2. What are the penalties for non-compliance with the provision?
3. Are there any exceptions to the disclosure requirement?
4. How should companies calculate and report director and CEO remuneration?
Likely Outcome:
Based on the application of law to the facts, the likely outcome if a company fails to comply with Section 149B of the Companies Act 1993 (amended in 2013) is that it will be subject to penalties and fines. The amount of the penalty will depend on the severity of the non-compliance and may be imposed by the Companies Office or a court of law.
Alternatives or Different Interpretations:
There are no viable alternatives or different interpretations of Section 149B of the Companies Act 1993 (amended in 2013) that would allow companies to avoid the requirement to disclose director and CEO remuneration in their annual reports.
Related Case Laws and Judgments:
1. In Re New Zealand Insurance Co Ltd [1993] 1 NZLR 667 – This case established the principle that directors owe a fiduciary duty to act in the best interests of the company and its shareholders.
2. In Re Fletcher Challenge Ltd [2001] 2 NZLR 534 – This case considered the duty of directors to act in good faith and with reasonable care and skill, as well as the importance of transparency and accountability in corporate governance.
3. In Re Feltex Carpets Ltd [2006] NZSC 13 – This case considered the duty of directors to act in the best interests of the company and its shareholders, as well as the importance of accurate and timely disclosure of financial information.
4. In Re South Canterbury Finance Ltd [2011] NZSC 89 – This case considered the duty of directors to act in the best interests of the company and its shareholders, as well as the importance of transparency and accountability in corporate governance.

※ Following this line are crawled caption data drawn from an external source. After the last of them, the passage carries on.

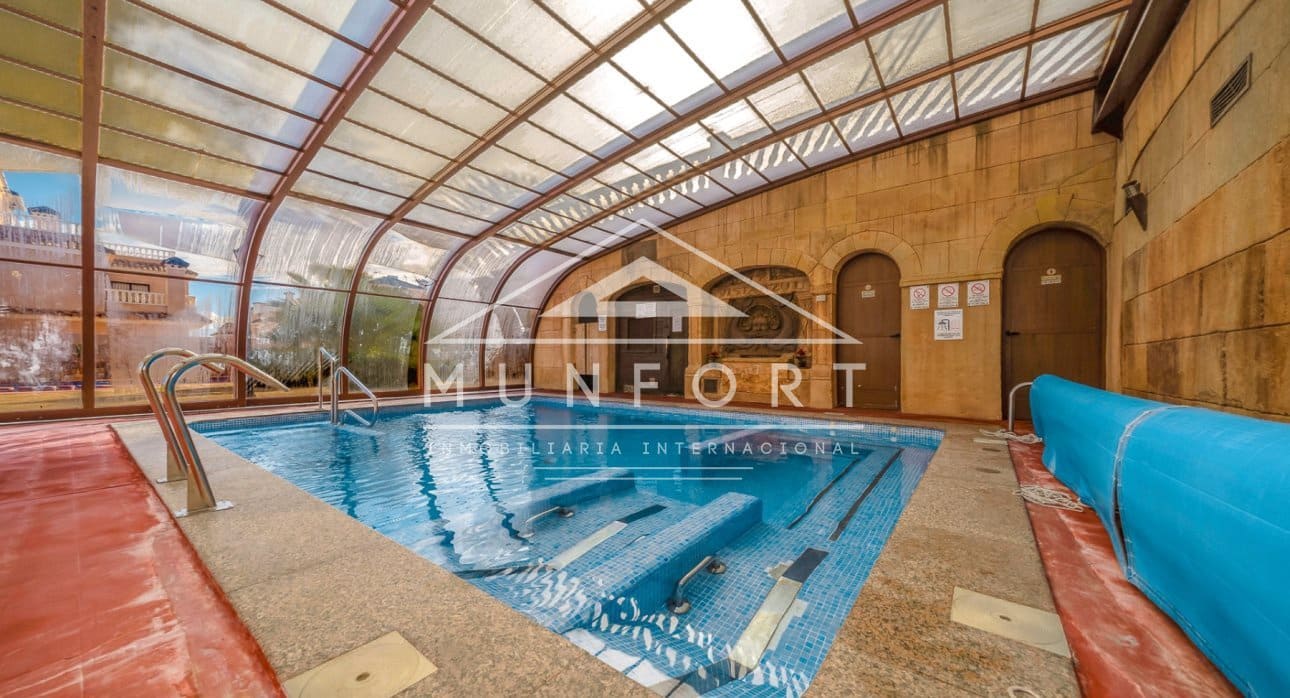 Casa de 2 habitaciones en Villamartin en venta con piscina - 215.000 € (Ref: 9412976)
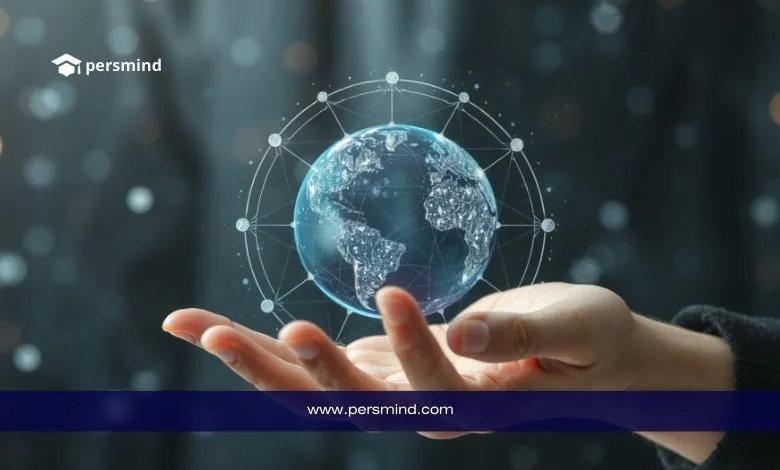 يد تحمل مجسّمًا ثلاثي الأبعاد لكوكب الأرض مع شبكة اتصالات حوله، في إشارة إلى برنامج ماكين للقادة العالميين (MGLP) لتطوير القادة الشباب عالميًا.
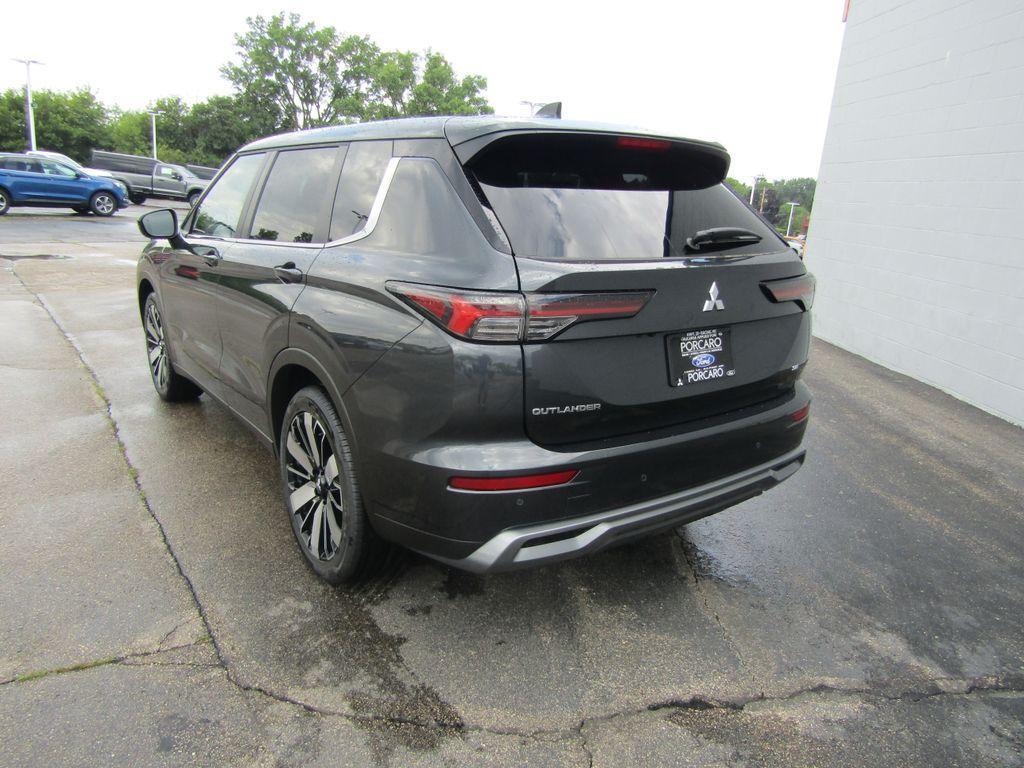 Mitsubishi Outlander 2026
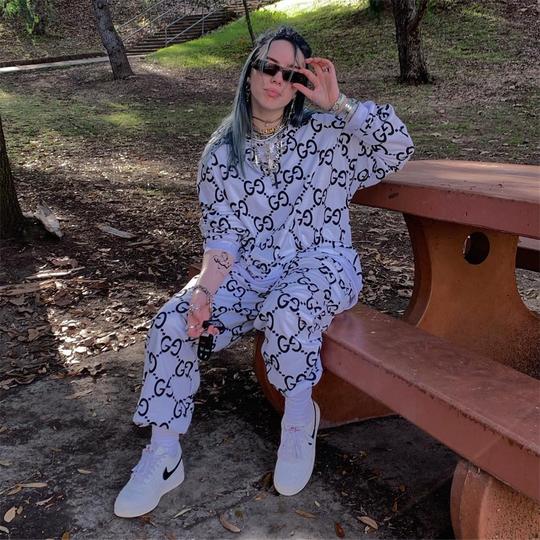 下一个ladygaga？00后“怪奇少女”新歌秒登榜首，她还是比伯粉丝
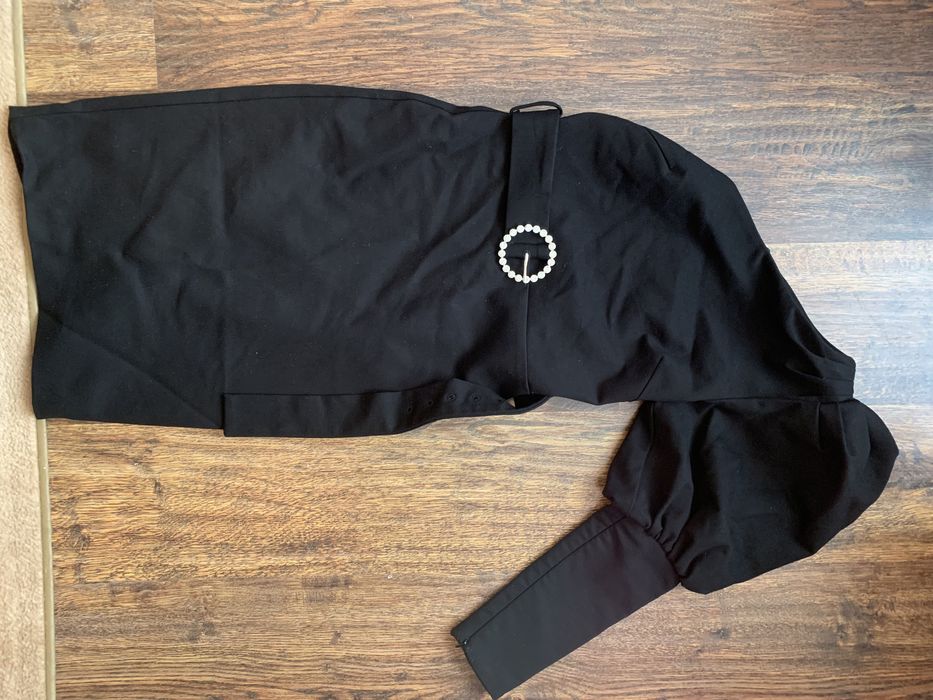 Rochie de ocazie pe un umar foarte frumoasa pe corp marimea S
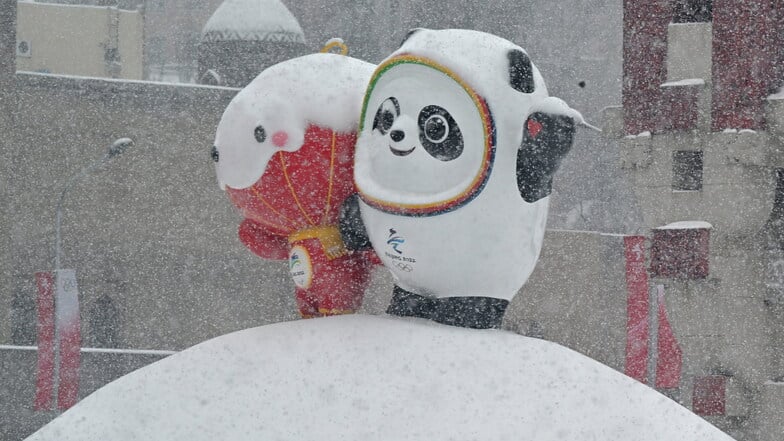 Auch die Olympia-Maskottchen Shuey Rhon Rhon und Bing Dwen Dwen sind mit Schnee bedeckt. Herrliche Bilder.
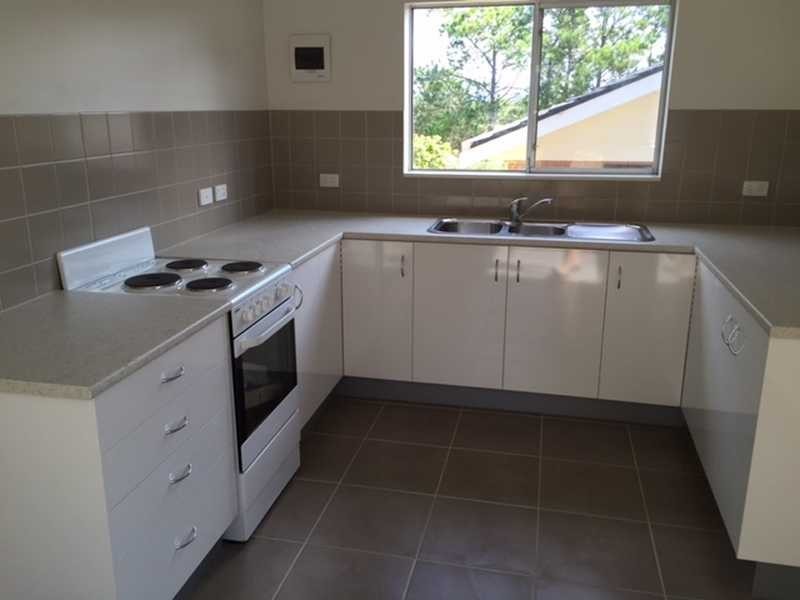 51 Lakeview Crescent, Forster NSW 2428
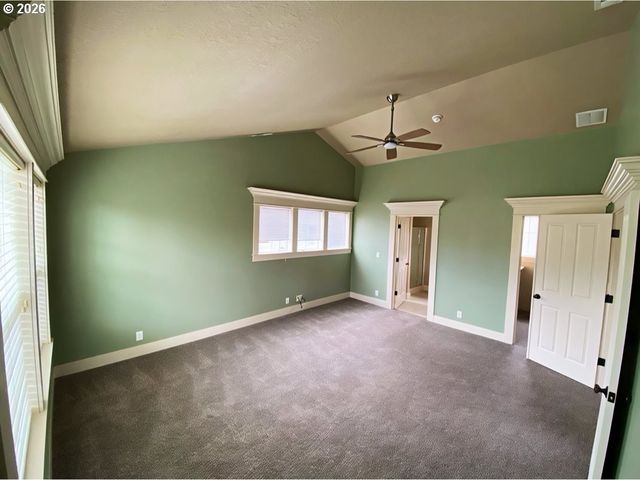 882 JACKIES Ln, Eugene, OR 97404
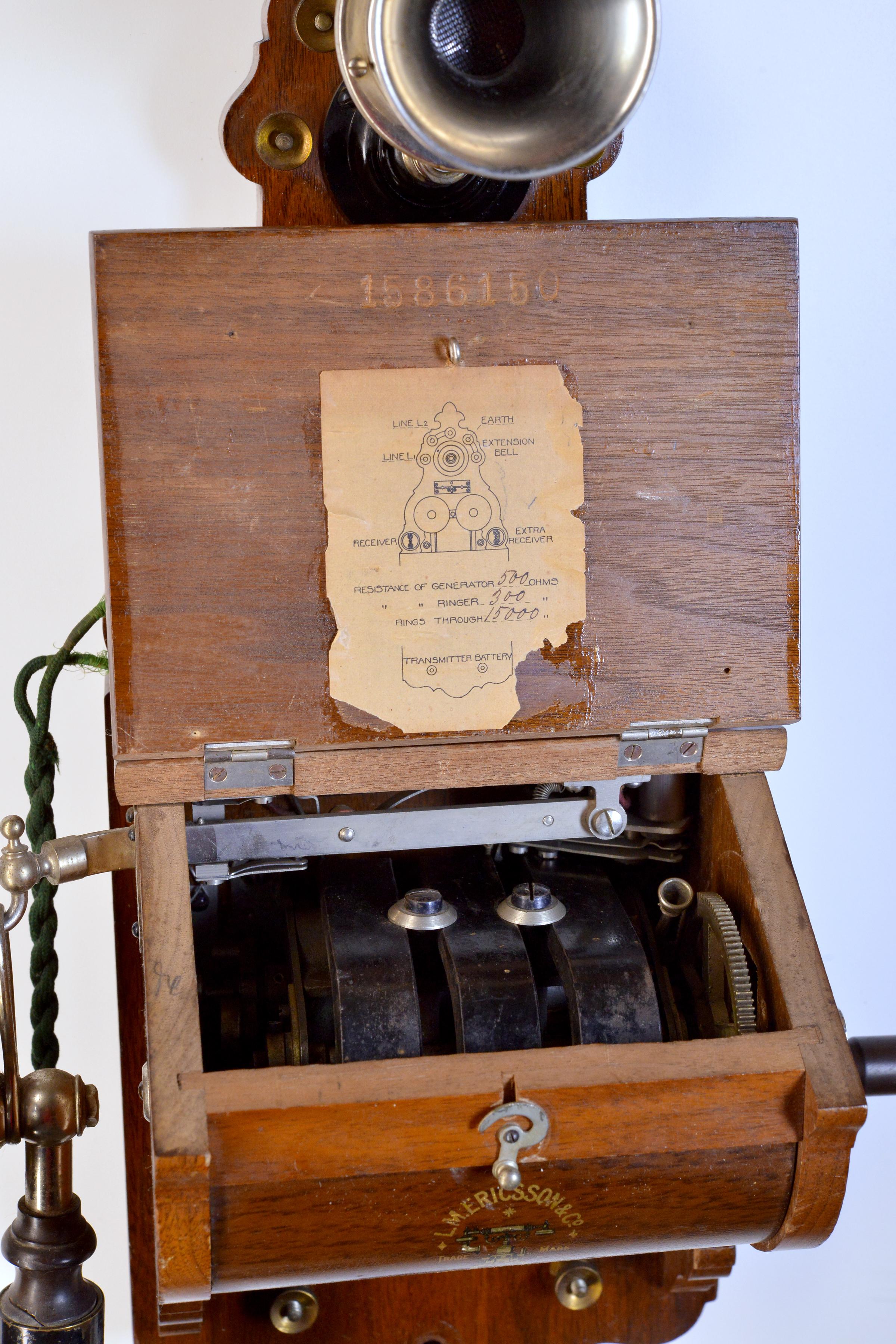Metallo Antico telefono da parete in legno svedese I.L.A. Magnete a manovella Ericsson modello 305 1918 in vendita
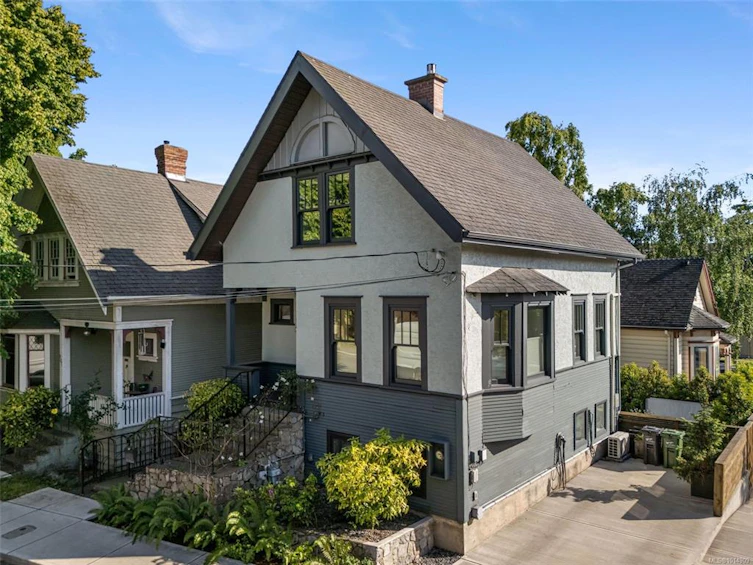 903 Collinson Street, Victoria, BC, V8V 3B7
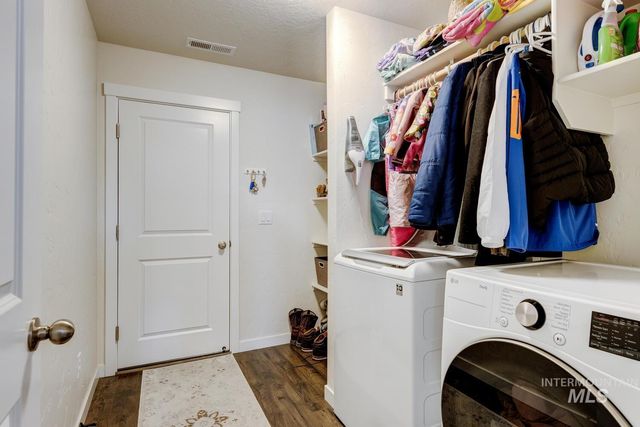 12445 Shadow River St, Caldwell, ID 83607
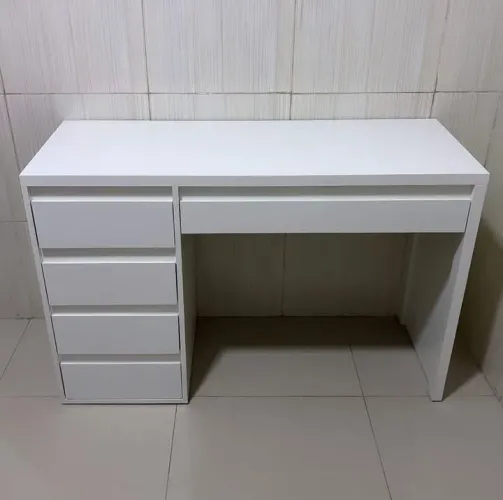 Escrivaninha Com Gavetas L 1.20 M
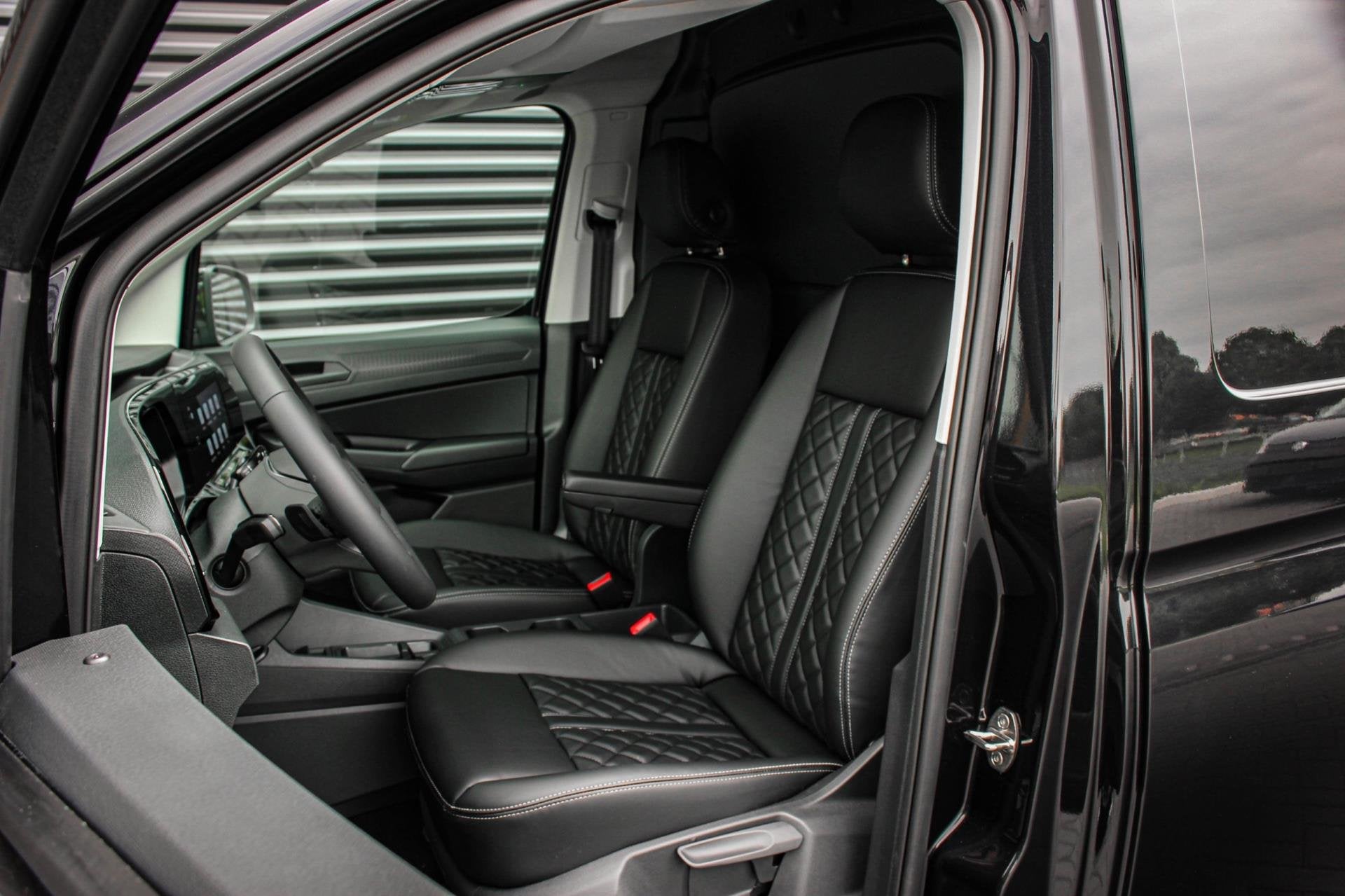 Volkswagen Caddy Cargo 2.0 TDI 122PK DSG JB- EDITION / MAXTR, Gebruikt, Zwart, 4 cilinders, Volkswagen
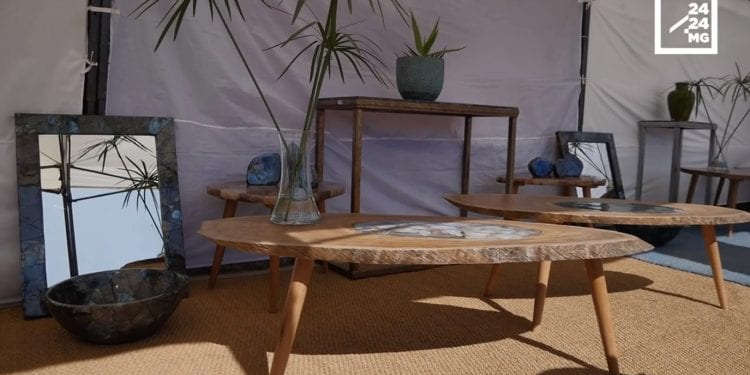 DECO – Quand le bois s’allie avec la pierre pour créer du mobilier hors du commun.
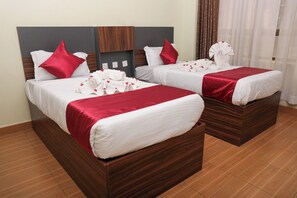 Chambre Deluxe avec lits jumeaux, vue sur la ville | AccĂšs au Wi-Fi (inclus), literie fournie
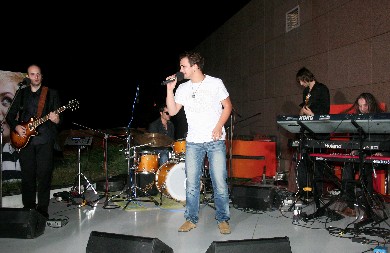 NAŠ PEVAČ OŽENIO 10 GODINA STARIJU PROFESORKU Niko nije verovao u njihovu ljubav, sada su u skladnom braku (FOTO)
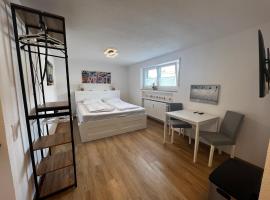 *moderne Wohnung ANTON in VS mit Küche+Bad, hotel v mestu Villingen-Schwenningen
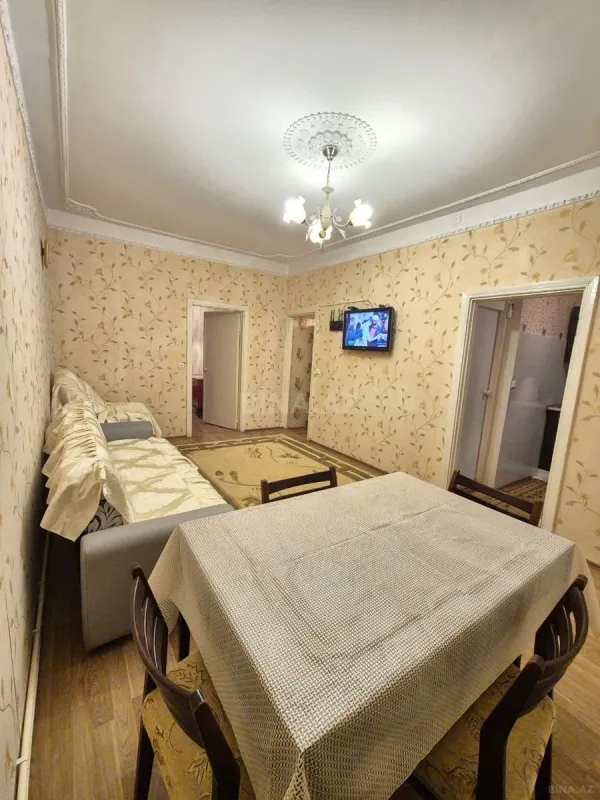 Kirayə verilir 2 otaqlı mənzil 55 m²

5. In Re CBL Insurance Ltd [2018] NZHC 1702 – This case considered the duty of directors to act in good faith and with reasonable care and skill, as well as the importance of accurate and timely disclosure of financial information.
Risks and Uncertainties:
The main legal risks and uncertainties associated with Section 149B of the Companies Act 1993 (amended in 2013) relate to the interpretation and application of the provision. There may be disagreements or disputes over what constitutes “remuneration” for the purposes of the provision, or how companies should calculate and report director and CEO remuneration. These disputes could lead to legal action or regulatory enforcement action, which could result in financial penalties, reputational damage, or other adverse consequences for companies.
Advice to the Client:
Based on the assessment of the law and the facts, our advice to companies is to comply fully with Section 149B of the Companies Act 1993 (amended in 2013) by disclosing the total remuneration paid to each director and the CEO, including any bonuses, share options, or other benefits received, in their annual reports. This will help to promote transparency and accountability in corporate governance and avoid potential legal risks and uncertainties.
Potential Ethical Issues:
There are no significant ethical issues or conflicts of interest that arise in relation to Section 149B of the Companies Act 1993 (amended in 2013), as the provision is primarily concerned with promoting transparency and accountability in corporate governance.
Possible Implications or Consequences:
The potential implications or consequences of non-compliance with Section 149B of the Companies Act 1993 (amended in 2013) include financial penalties, reputational damage, and other adverse consequences for companies. Failure to disclose director and CEO remuneration could also lead to a loss of investor confidence and reduced access to capital markets. On the other hand, full compliance with the provision can help to enhance corporate reputation and promote investor trust and confidence.